## About this exercise
Repeat word for word the lines from the top of the records through the line containing "Funny Dog Cat Cosplay Wig", and skip the pictures.

## Records for the task
══════
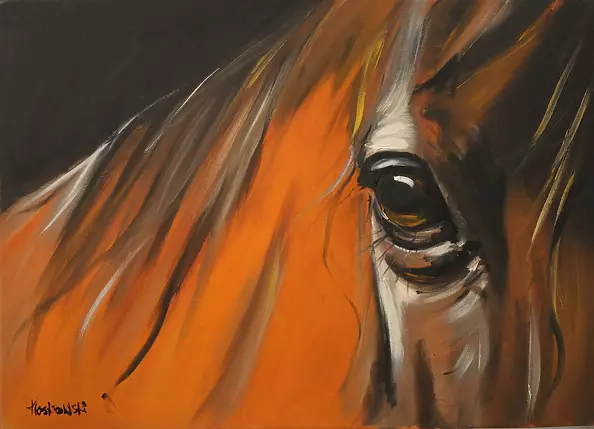 Krzysztof Kloskowski - horse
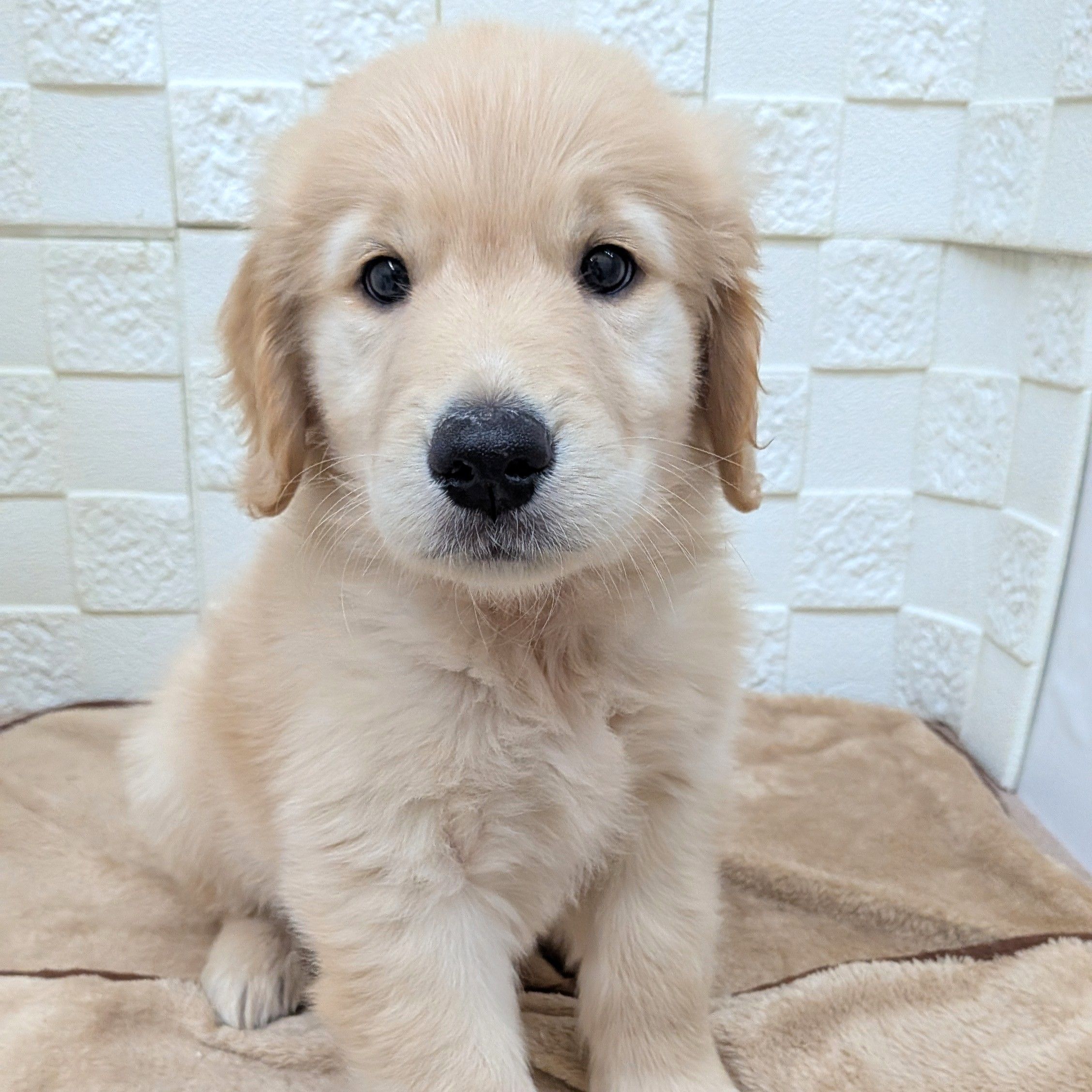 愛知県のゴールデンレトリバー (犬の家&猫の里碧南店/2025年8月26日生まれ/男の子/ゴールデン)の子犬の3枚目の画像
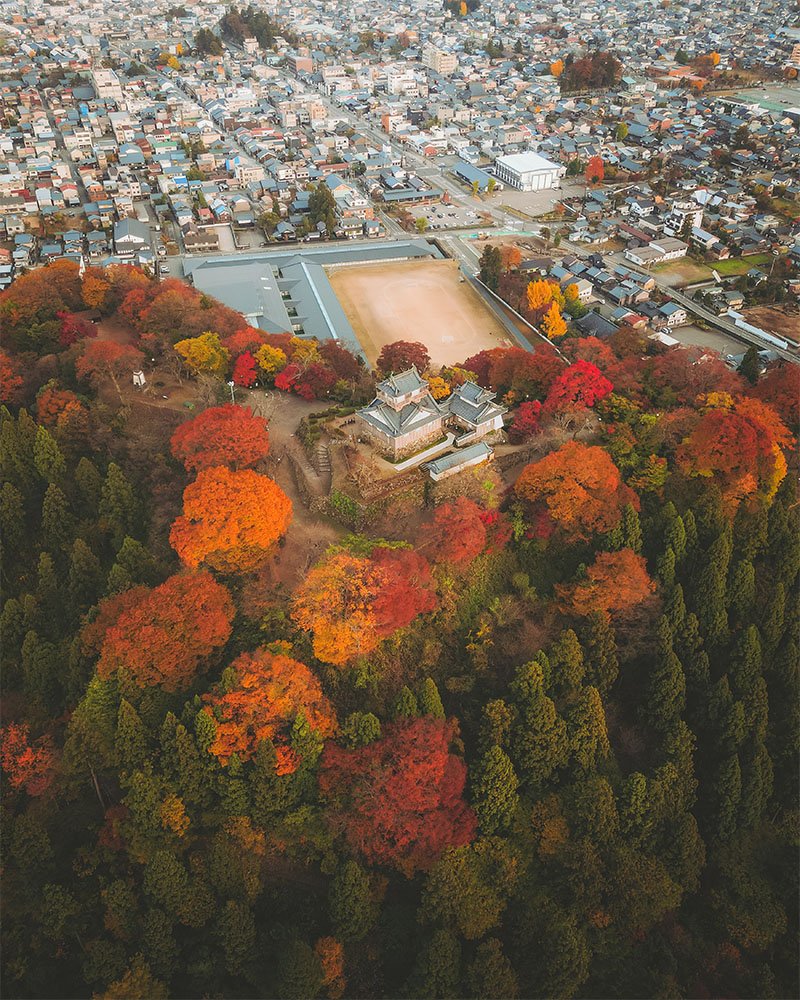 Echizen Ono Castle Surrounded by Red Leaves - 1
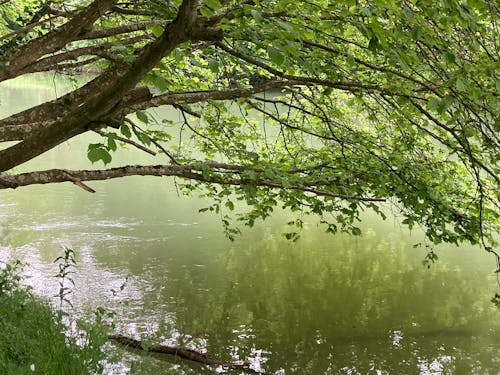 Bord de la Seine - Printemps orageux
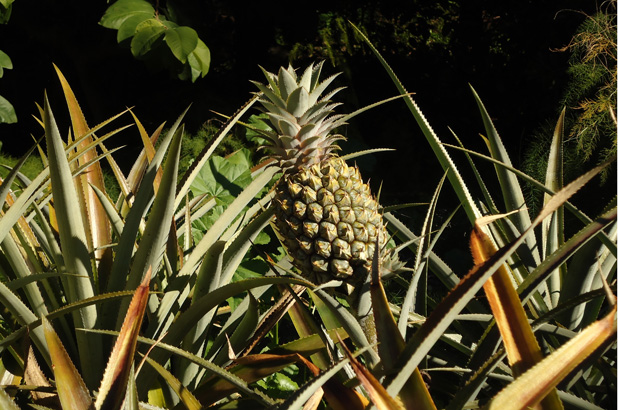 A pineapple growing in the kitchen garden at Vaucluse House.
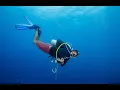 Bogle's 2025 Komodo dive trip
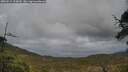 ./images/calvert/fitz-hugh-hecate/20250519/fitz-hugh-hecate20250519_154009M.jpg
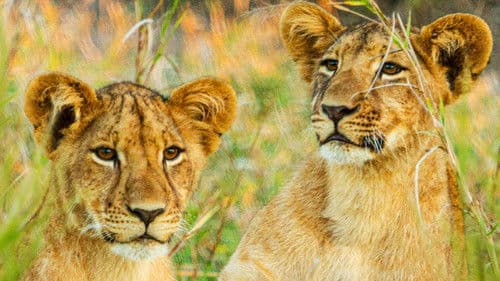 Gorongosa: Paradise Reborn Bild 6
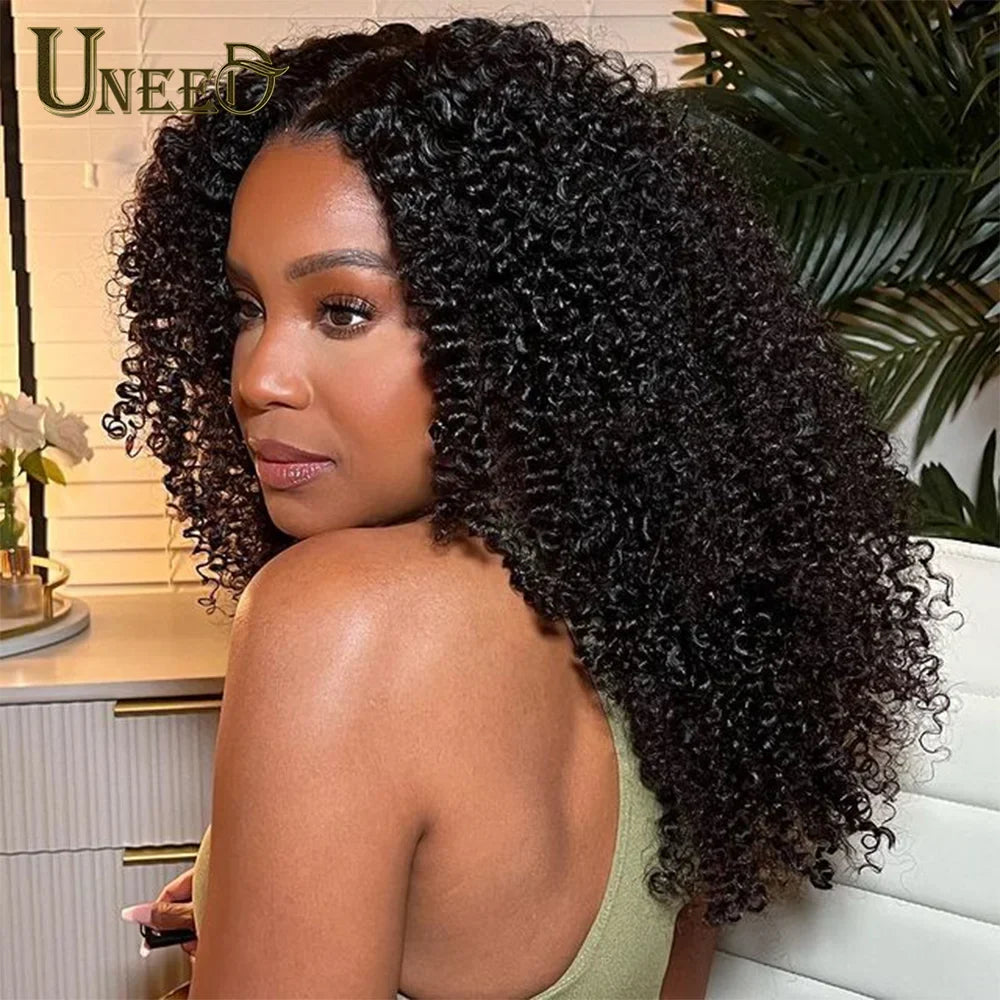 Kinky Curly Wig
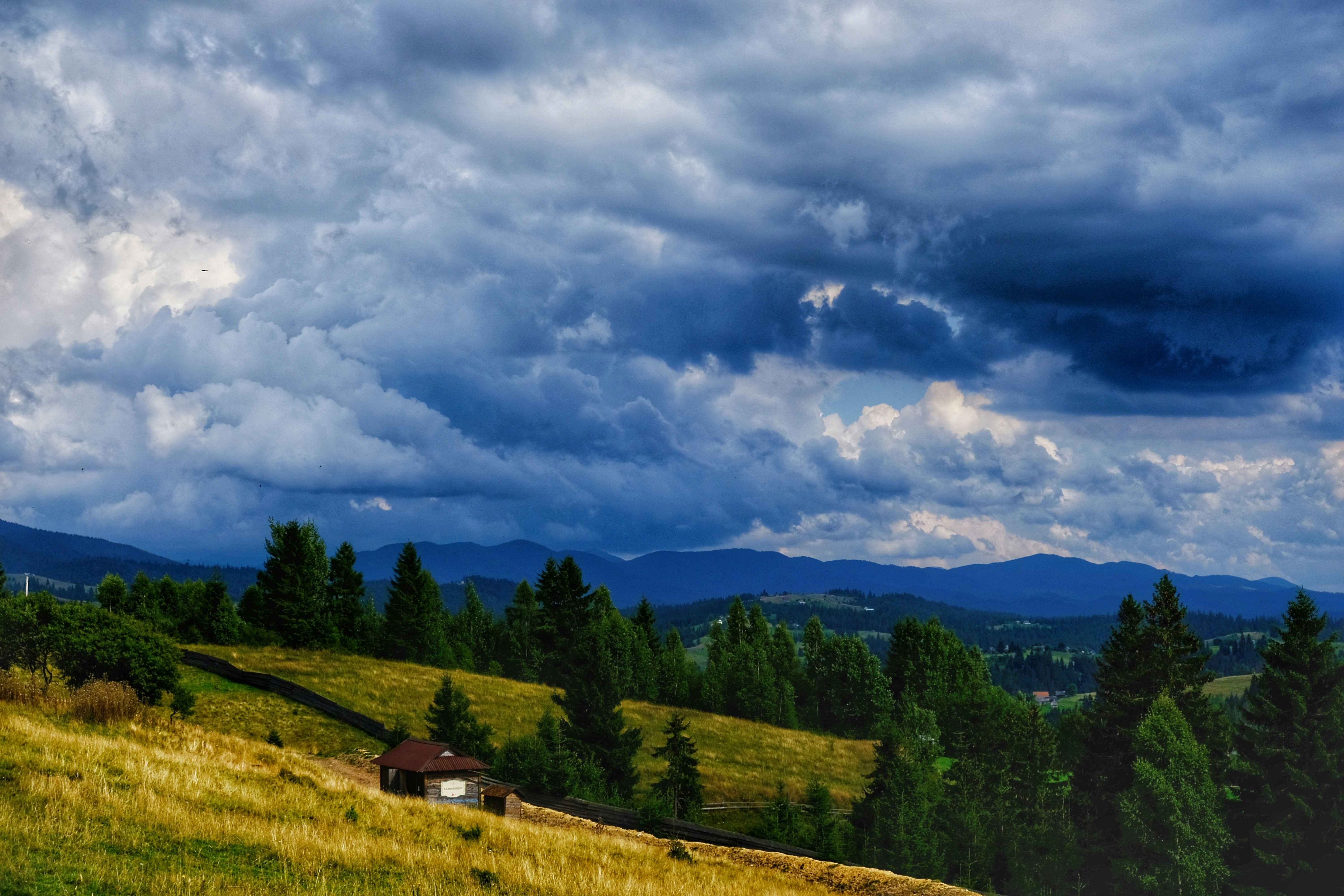 Photo by dpidhrushnyi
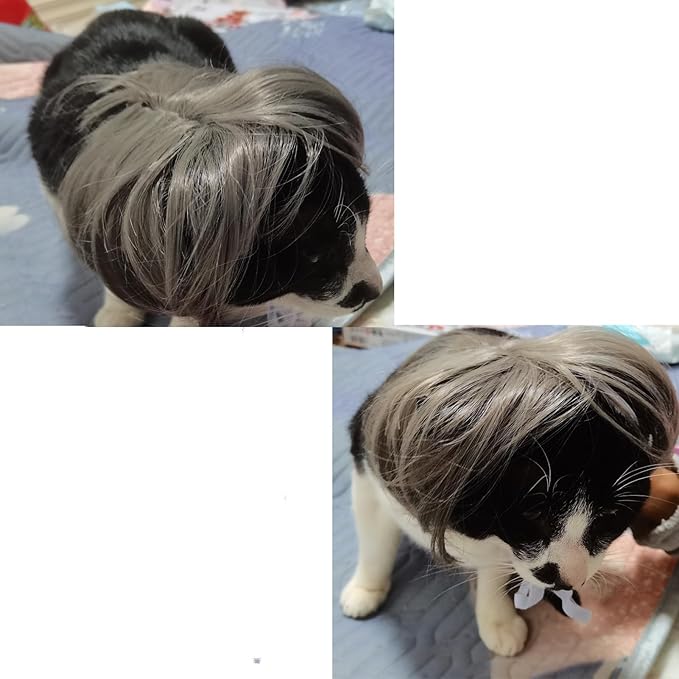 Funny Dog Cat Cosplay Wig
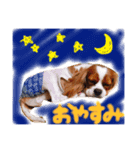 うちの犬。（個別スタンプ：2）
══════
## Completed exercise
 Krzysztof Kloskowski - horse
 愛知県のゴールデンレトリバー (犬の家&猫の里碧南店/2025年8月26日生まれ/男の子/ゴールデン)の子犬の3枚目の画像
 Echizen Ono Castle Surrounded by Red Leaves - 1
 Bord de la Seine - Printemps orageux
 A pineapple growing in the kitchen garden at Vaucluse House.
 Bogle's 2025 Komodo dive trip
 ./images/calvert/fitz-hugh-hecate/20250519/fitz-hugh-hecate20250519_154009M.jpg
 Gorongosa: Paradise Reborn Bild 6
 Kinky Curly Wig
 Photo by dpidhrushnyi
 Funny Dog Cat Cosplay Wig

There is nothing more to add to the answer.